* [DATA SECTION]:
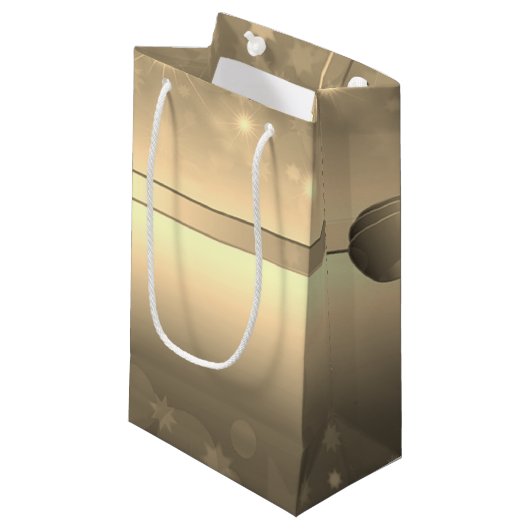 フェスティバルエレガント金ゴールドボウ スモールペーパーバッグ (正面アングル)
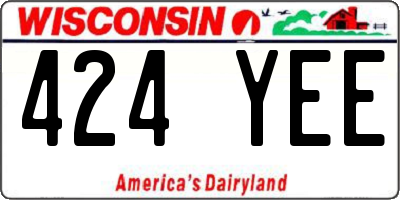 WI license plate 424YEE
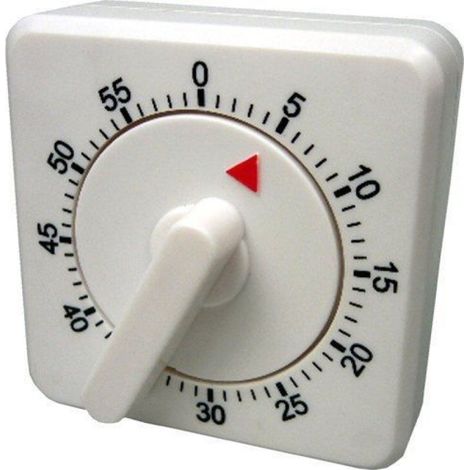 Minuteur Analogique - Blanc - 60 Minutes - Pour Cuisine Bureau Atelier - 1 Pièce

* [HOW TO COMPLETE THIS TASK]: Print out all the material word for word but exclude any images.

* [YOUR RESPONSE]:
 フェスティバルエレガント金ゴールドボウ スモールペーパーバッグ (正面アングル)
 WI license plate 424YEE
 Minuteur Analogique - Blanc - 60 Minutes - Pour Cuisine Bureau Atelier - 1 Pièce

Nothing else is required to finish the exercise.